# Noobie help; Cigar tasting Bitter ?



## pips (Jul 29, 2010)

After a few minutes into smoking, my mouth starts tasting really bitter. 
Its like my whole pallet is coated in bitterness and even after trying a few sips of soda to overcome the taste, its still very noticeable. I've even tried "purging", with no dice.
What am I doing wrong ?


----------



## jspilon (Aug 25, 2009)

your cigar is too wet?


----------



## orca99usa (May 23, 2008)

Could also depend upon what you were smoking. I've grabbed a few bitter sticks. It happens.


----------



## happycamper (Aug 21, 2010)

try taking one puff a minute. Try holding your fingers just 1/2 inch behind the flame line. If it's hot there you are smoking too fast. I think this is a big reason for bitterness. 

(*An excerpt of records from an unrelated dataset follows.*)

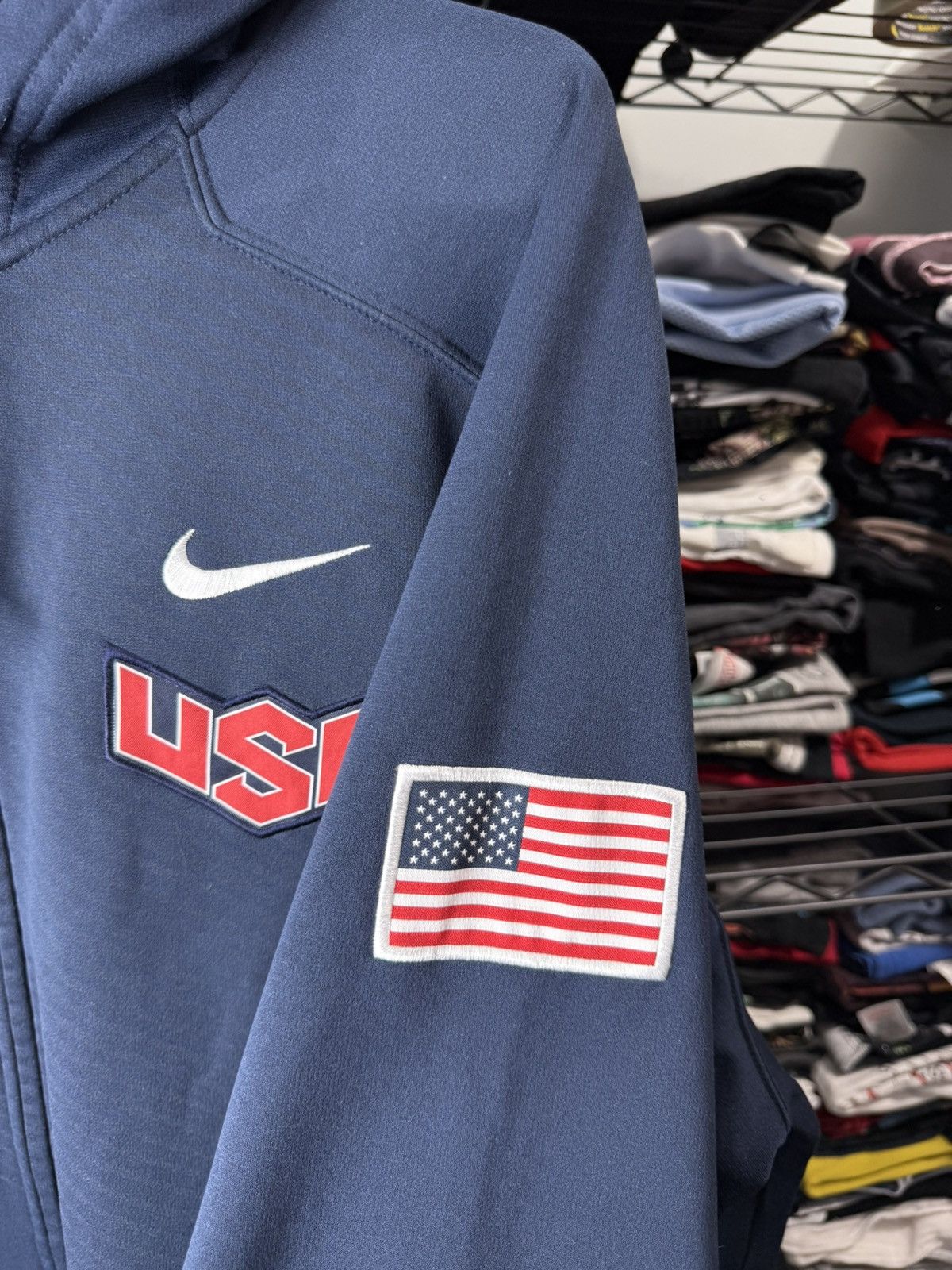 Nike Nike USA United States Of America National Team Hoodie Size US XL / EU 56 / 4 - 4 Thumbnail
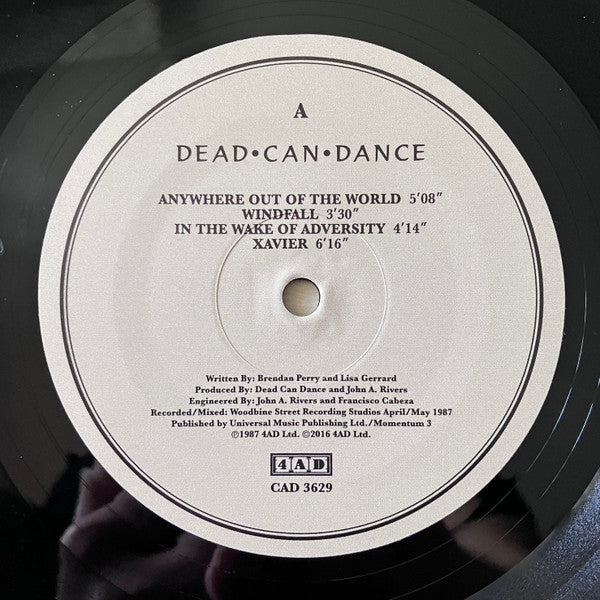 Dead Can Dance ~ Within The Realm Of A Dying Sun (Vinyl) - Djungel & Jazz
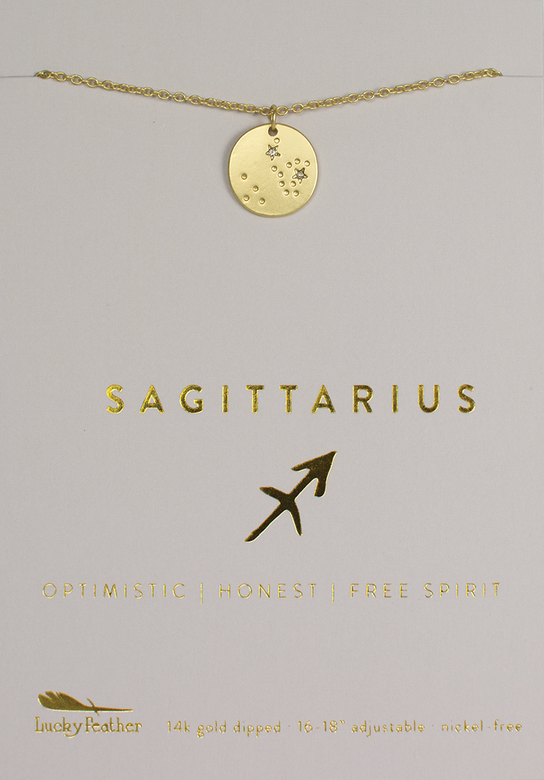 Necklace | Zodiac | Sagittarius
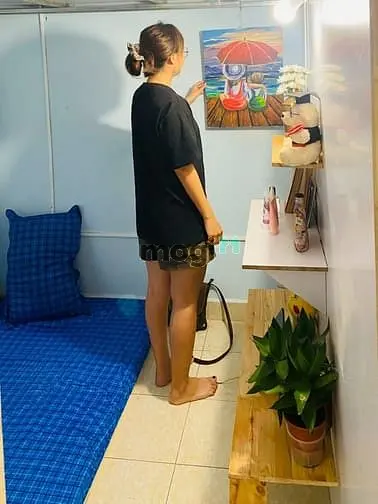 Cho Thuê Sleepbox Quận 7 Giá Rẻ Full Nội Thất Gần Siêu Thị Go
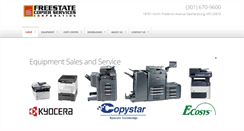 Desktop Screenshot of freestatecopier.com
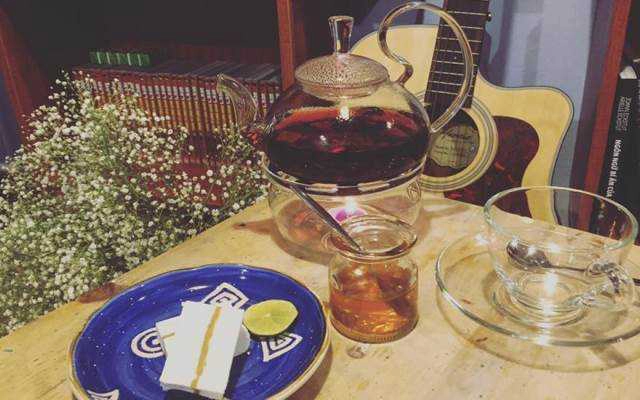 Cafe Tiệm Trà Của Trúc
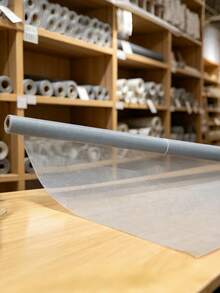 Malla gris para ventanas con alta transmitancia de luz, malla invisible contra insectos adecuada para balcón y jardín, se puede cortar libremente DIY - A - Ver 7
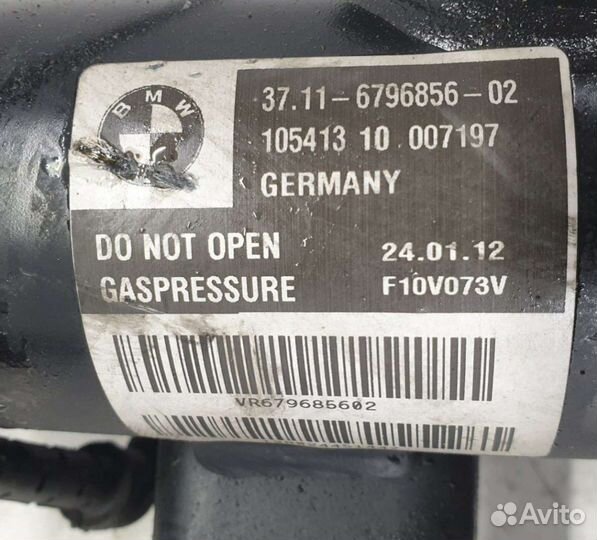 Амортизатор передний правый BMW 5 F10/F11/GTF07 20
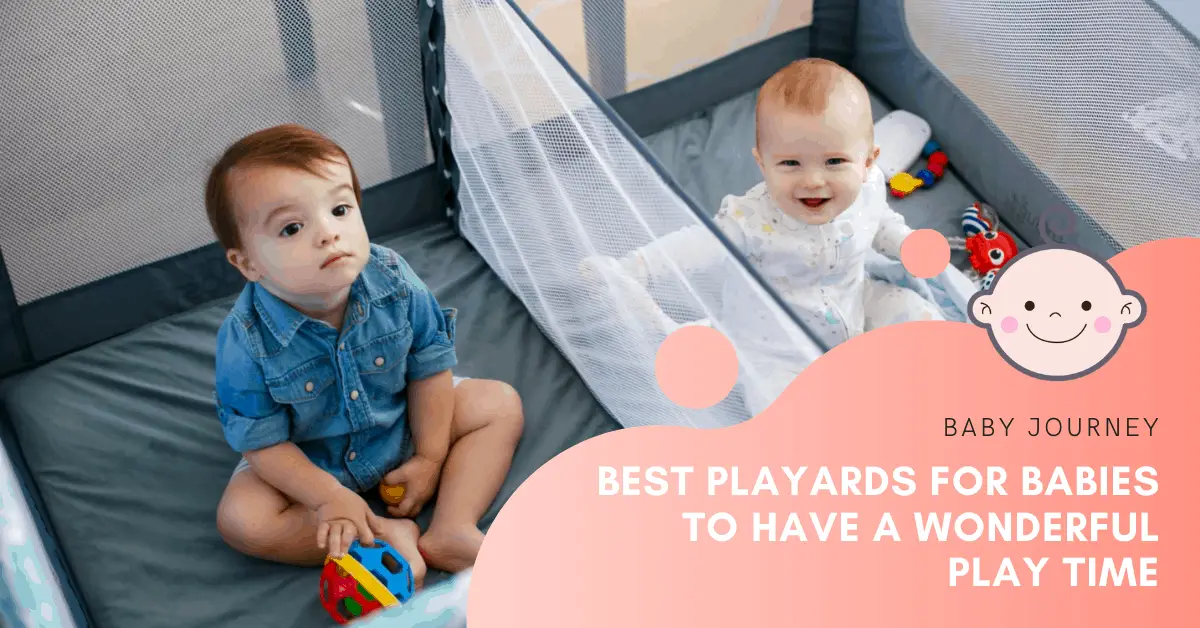 Best Playards for Twins | Baby Journey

Also, when the head of the cigar gets too wet with saliva, the cigar will be bitter.

Finally, if the cigar is way too damp, it will be bitter.

But smoking too fast is probably the chief culprit.


----------



## codykrr (Jul 30, 2010)

This happened to me the other day with a Rocky patel 1990....couldnt even smoke it. got 1/4 into it and had to throw it out!


----------



## mike91LX (Aug 12, 2009)

ive been wondering this too. Had my first fuente short story a few weeks ago and from the first draw to the last was bitter. ive heard so many good things about them. maybe just a bad stick


----------



## bigslowrock (May 9, 2010)

check up on the proper way to light a cigar and smoke it slow.


----------



## codykrr (Jul 30, 2010)

^ I did light mine properly. and I was smoking it slow. The RP I had started bitter from the first draw.


----------



## d_day (Aug 24, 2008)

I've found it's usually an overhumidified stick that tastes bitter. Many B&Ms keep their humidors overhumidified to compensate for the losses of constant opening and closing. So, if it's coming directly from the B&M, that's a likely cause. You can try dry boxing your smokes for a day or two before smoking. It may straighten you out. If you've got your own humidor at home, try dropping your humidity level. I personally enjoy mine the most at about 65%. Also keep in mind where you're smoking. Smoking in high humidity areas can cause a bad burn and adversely affect the taste. A short list of things that have a negative effect on flavor:

overhumidified
underhumidified
smoking too fast (smoke too hot)
smoking too slow (not enough smoke, incomplete burn)
high ambient humidity

There are always other causes, but these are the usual culprits.


----------



## smelvis (Sep 7, 2009)

Probably a Grand habano they all taste that way. Not kidding!!!!


----------



## GTCharged (Nov 3, 2008)

smelvis said:


> Probably a Grand habano they all taste that way. Not kidding!!!!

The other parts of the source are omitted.